Die Liste sprachlicher Fähigkeiten, die Kinder schon vor dem ersten Wort beherrschen, wird immer länger. Sie erkennen Fremd- und Muttersprache, lesen Mama von den Lippen ab, haben Rhythmusgefühl und können sich ganze Sätze merken. Jetzt haben Forscher den Beginn der linguistischen Leistungen auf den frühest möglichen Termin zurückverlegt: die Geburt.
Wenn Babys schreien, kopieren sie die typischen Melodieverläufe ihrer
Muttersprache. Weil sie das bereits wenige Tage nach der Geburt tun, müssen sie
den Klang im Mutterleib gelernt haben. Babys brüllen in ihrer Muttersprache –
so lässt sich das Forschungsergebnis des Teams um Kathleen Wermke von der
Universität Würzburg zusammenfassen. Genauer gesagt: Sie imitieren die
Sprachmelodie ihrer Eltern und kopieren dabei charakteristische
Intonationsmuster aus deren Sprache.
Zu diesem Ergebnis kamen Wermke und
Kollegen nach einer phonetischen Analyse von mehr als 20 Stunden
Neugeborenen-Geschrei. Die Produktion ihres Datenmaterials übernahmen je 30
französische und deutsche Babys – keines davon älter als fünf Tage – die beim
Wickeln oder vor dem Stillen ins Mikrofon der Wissenschaftler brüllten. Später
im Labor zeigte sich dann: Während deutsche Babys ihr Geschrei mit sinkender
Tonhöhe intonierten, stieg die so genannte Grundfrequenz bei französischen
Neugeborenen tendenziell an. Anders gesagt: Die Kurve, der bei beiderlei
Nationalitäten Melodie und Lautstärke folgten, hatte ihr Maximum an
unterschiedlichen Stellen – bei Deutschen lag es im Mittel früher, bei
Franzosen eher am Ende. Genau dieselben gegensätzlichen Intonationskonturen
kennzeichnen auch die Muttersprachen der Kleinen, wie beispielsweise das Wort
„Mama“ demonstriert. Im Deutschen liegt die Betonung auf der ersten Silbe,
während beim französischen „Maman“ die Stimme bei der zweiten Silbe ansteigt.
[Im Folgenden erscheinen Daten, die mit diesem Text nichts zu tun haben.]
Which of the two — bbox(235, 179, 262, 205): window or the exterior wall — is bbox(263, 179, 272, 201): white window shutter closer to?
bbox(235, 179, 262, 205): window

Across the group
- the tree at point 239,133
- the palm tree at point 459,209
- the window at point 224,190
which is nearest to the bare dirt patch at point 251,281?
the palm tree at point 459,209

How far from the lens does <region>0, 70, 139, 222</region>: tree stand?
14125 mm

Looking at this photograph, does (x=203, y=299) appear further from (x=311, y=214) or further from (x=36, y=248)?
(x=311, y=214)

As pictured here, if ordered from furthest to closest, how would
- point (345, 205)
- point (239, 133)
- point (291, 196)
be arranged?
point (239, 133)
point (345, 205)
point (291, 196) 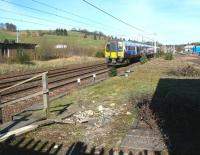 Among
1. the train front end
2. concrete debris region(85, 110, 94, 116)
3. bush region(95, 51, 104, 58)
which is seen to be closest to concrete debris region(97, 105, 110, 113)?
concrete debris region(85, 110, 94, 116)

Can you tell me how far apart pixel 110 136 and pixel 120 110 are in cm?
256

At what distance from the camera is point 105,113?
29.9 ft

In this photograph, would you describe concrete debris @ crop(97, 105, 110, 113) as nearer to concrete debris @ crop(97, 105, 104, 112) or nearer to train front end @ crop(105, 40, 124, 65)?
concrete debris @ crop(97, 105, 104, 112)

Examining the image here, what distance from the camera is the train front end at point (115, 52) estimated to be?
111ft

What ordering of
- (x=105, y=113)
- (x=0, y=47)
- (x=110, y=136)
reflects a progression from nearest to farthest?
(x=110, y=136), (x=105, y=113), (x=0, y=47)

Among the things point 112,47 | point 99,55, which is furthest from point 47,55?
point 112,47

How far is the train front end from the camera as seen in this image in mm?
33875

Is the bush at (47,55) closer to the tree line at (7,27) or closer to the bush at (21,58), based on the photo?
the bush at (21,58)

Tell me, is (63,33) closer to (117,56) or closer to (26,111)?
(117,56)

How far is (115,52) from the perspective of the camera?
3400cm

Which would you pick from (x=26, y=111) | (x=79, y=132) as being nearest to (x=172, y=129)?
(x=79, y=132)

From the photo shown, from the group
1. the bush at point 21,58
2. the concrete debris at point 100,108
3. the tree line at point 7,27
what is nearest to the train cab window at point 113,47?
the bush at point 21,58

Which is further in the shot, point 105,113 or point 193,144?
point 105,113

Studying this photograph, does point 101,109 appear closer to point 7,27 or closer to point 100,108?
point 100,108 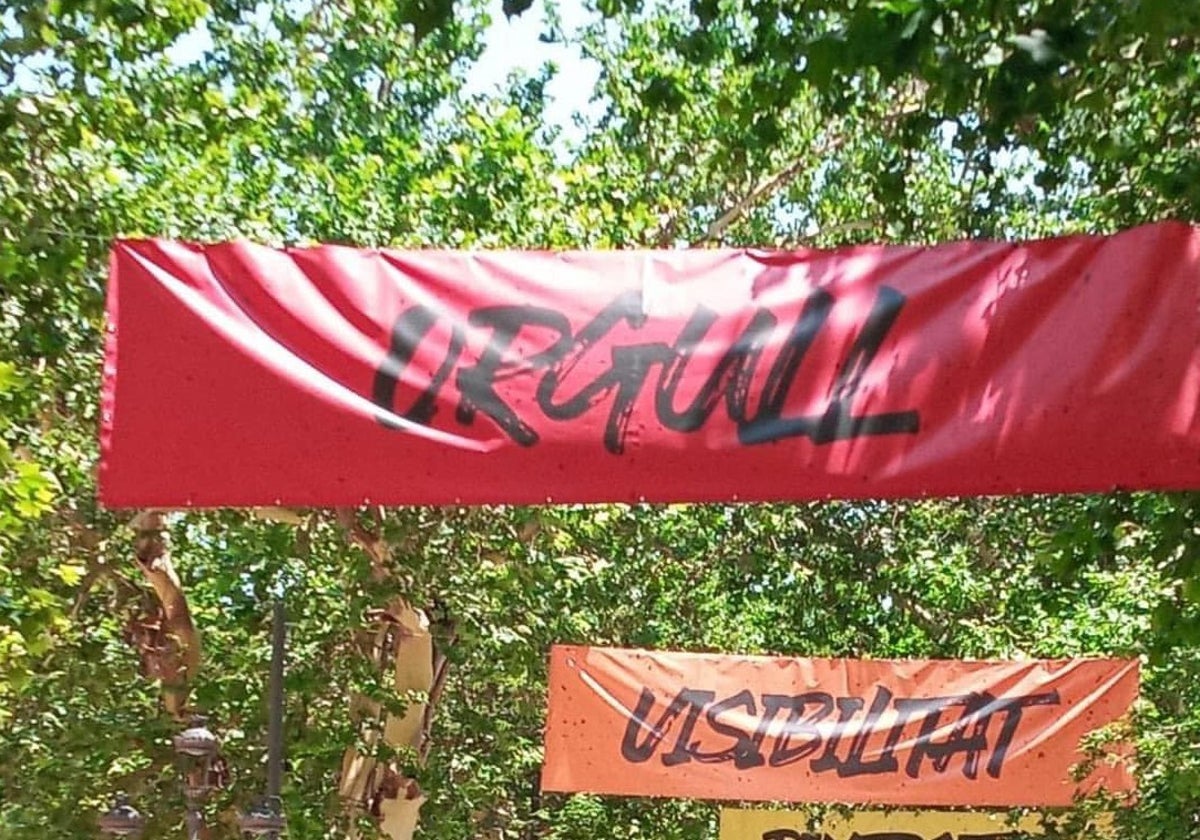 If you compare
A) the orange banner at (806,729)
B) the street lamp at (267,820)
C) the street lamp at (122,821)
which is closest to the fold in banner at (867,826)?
the orange banner at (806,729)

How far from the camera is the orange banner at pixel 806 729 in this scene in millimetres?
10406

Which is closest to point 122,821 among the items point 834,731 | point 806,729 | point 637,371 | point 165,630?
point 165,630

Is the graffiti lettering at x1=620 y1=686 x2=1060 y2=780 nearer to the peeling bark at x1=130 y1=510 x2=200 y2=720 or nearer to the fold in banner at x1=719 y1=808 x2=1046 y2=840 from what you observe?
the fold in banner at x1=719 y1=808 x2=1046 y2=840

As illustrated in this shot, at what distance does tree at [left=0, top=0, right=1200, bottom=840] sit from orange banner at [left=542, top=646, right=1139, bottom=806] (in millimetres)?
625

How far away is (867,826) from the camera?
11.7 meters

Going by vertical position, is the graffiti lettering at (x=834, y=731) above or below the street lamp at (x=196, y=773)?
above

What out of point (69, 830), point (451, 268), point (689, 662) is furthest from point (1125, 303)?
point (69, 830)

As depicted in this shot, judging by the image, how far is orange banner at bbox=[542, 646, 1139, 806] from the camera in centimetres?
1041

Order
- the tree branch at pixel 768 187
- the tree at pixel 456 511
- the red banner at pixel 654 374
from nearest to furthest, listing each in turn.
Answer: the red banner at pixel 654 374, the tree at pixel 456 511, the tree branch at pixel 768 187

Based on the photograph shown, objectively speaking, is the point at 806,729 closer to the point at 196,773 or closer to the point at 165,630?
the point at 196,773

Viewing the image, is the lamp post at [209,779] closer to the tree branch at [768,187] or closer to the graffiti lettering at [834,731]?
the graffiti lettering at [834,731]

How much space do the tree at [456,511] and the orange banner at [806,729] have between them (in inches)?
24.6

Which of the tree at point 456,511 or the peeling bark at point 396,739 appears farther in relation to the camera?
the peeling bark at point 396,739

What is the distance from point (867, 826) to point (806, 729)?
139cm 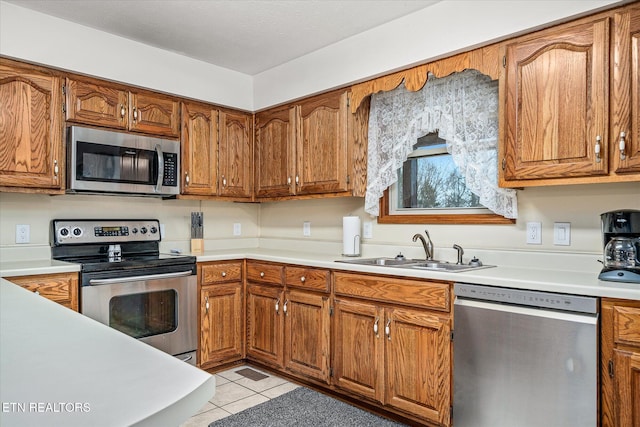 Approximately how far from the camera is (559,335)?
5.98 feet

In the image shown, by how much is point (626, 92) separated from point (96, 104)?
3033 mm

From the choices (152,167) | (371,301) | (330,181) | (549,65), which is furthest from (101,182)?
(549,65)

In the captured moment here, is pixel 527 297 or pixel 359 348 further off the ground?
pixel 527 297

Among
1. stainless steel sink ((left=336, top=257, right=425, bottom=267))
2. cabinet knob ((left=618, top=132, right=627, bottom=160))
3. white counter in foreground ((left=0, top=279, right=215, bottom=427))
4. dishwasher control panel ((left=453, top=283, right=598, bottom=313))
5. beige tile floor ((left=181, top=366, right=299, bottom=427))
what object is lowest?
beige tile floor ((left=181, top=366, right=299, bottom=427))

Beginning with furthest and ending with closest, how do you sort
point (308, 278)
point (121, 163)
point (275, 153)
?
point (275, 153)
point (121, 163)
point (308, 278)

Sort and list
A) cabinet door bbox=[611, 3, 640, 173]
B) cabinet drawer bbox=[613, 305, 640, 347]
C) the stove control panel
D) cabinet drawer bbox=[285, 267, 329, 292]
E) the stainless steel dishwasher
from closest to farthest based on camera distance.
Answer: cabinet drawer bbox=[613, 305, 640, 347]
the stainless steel dishwasher
cabinet door bbox=[611, 3, 640, 173]
cabinet drawer bbox=[285, 267, 329, 292]
the stove control panel

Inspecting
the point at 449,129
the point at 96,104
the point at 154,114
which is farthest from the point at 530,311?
the point at 96,104

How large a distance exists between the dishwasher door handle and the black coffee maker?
0.82 ft

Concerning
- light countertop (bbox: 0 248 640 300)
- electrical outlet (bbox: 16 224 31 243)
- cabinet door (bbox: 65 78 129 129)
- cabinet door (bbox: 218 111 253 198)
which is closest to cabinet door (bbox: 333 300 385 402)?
light countertop (bbox: 0 248 640 300)

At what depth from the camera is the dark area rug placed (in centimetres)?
245

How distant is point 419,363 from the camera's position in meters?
2.30

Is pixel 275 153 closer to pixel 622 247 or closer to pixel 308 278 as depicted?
pixel 308 278

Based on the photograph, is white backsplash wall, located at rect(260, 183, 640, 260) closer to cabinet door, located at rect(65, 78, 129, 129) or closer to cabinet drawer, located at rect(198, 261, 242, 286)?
cabinet drawer, located at rect(198, 261, 242, 286)

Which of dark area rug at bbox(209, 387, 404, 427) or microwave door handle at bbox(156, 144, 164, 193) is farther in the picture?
microwave door handle at bbox(156, 144, 164, 193) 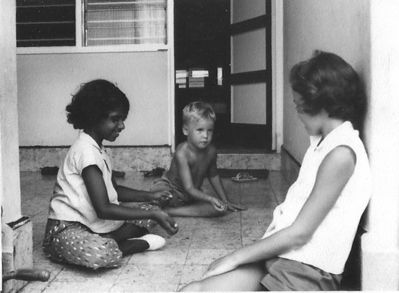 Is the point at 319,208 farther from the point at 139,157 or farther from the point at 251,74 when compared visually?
the point at 251,74

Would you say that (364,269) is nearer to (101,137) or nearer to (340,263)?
(340,263)

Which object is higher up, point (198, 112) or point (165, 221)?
point (198, 112)

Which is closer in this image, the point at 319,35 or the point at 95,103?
the point at 95,103

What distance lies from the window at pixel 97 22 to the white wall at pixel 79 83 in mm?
177

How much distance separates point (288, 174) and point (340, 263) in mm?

Frisch auf die Welt gekommen, startet bei den Kindern das angeborene Programm,
mit dem sie die Aufmerksamkeit ihrer Betreuungspersonen auf sich zu ziehen
versuchen. Imitation sei da ein probates Mittel, so Wermke und Kollegen, auch
was die Lautproduktion angehe. Die nötigen Betonungsmuster konnten die Babys
auf Grund ihres zarten Alters nur im Mutterleib gelernt haben, mutmaßen die
Forscher.
Die Schreimelodien französischer und deutscher Babys unterscheiden sich
deutlich in der Akzentuierung. Allerdings nehme der Fötus die Außenwelt wegen
des Fruchtwassers verzerrt wahr, so Angela Friederici, die an der aktuellen
Studie beteiligt war: „Was durchdringt, sind vor allem Melodie und Intonation
der jeweiligen Sprache.“ Schon 2007 hatte ein Forscherteam um die
Neurolinguistin vom Leipziger Max-Planck-Institut für Kognitions- und
Neurowissenschaften nachgewiesen, dass die Betonungsmuster der jeweiligen
Muttersprache bereits bei vier Monate alten Säuglingen im Gehirn abgespeichert
sind. Dass Kinder indes in der Lage wären, diese Muster auch zu reproduzieren –
wie das Team um Wermke jetzt zeigte – haben Wissenschaftler lange in Zweifel
gezogen. Bei derart jungen Babys sei die Schreimelodie vor allem an den
Atemrhythmus gekoppelt, hieß es bislang, Kehlkopf und Atmung könnten die
Neugeborenen nicht gut genug kontrollieren. In diesem Fall wäre aber nicht nur
zu erwarten gewesen, dass schreiende Babys aus beiden Nationen gleich klängen,
sondern auch dass Intensität und Tonhöhe mit nachlassendem Luftdruck in der
Luftröhre absinken würden. Genau das Gegenteil war bei den französischen
Säuglingen zu beobachten. Mehr als die Nachahmung grundlegender
Intonationsmuster sei allerdings nicht drin, meinen die Wissenschaftler. Erst
ab einem Alter von drei Monaten können Säuglinge die Vokale wiedergeben, die
sie von ihren Bezugspersonen hören. Und noch später imitieren sie dann beim
Brabbeln charakteristische Sprachlaute und Silben. Dass sie zu diesem Zeitpunkt
schon die Grundlagen der Intonation meistern, dürfte ihnen dann sicherlich
zugute kommen.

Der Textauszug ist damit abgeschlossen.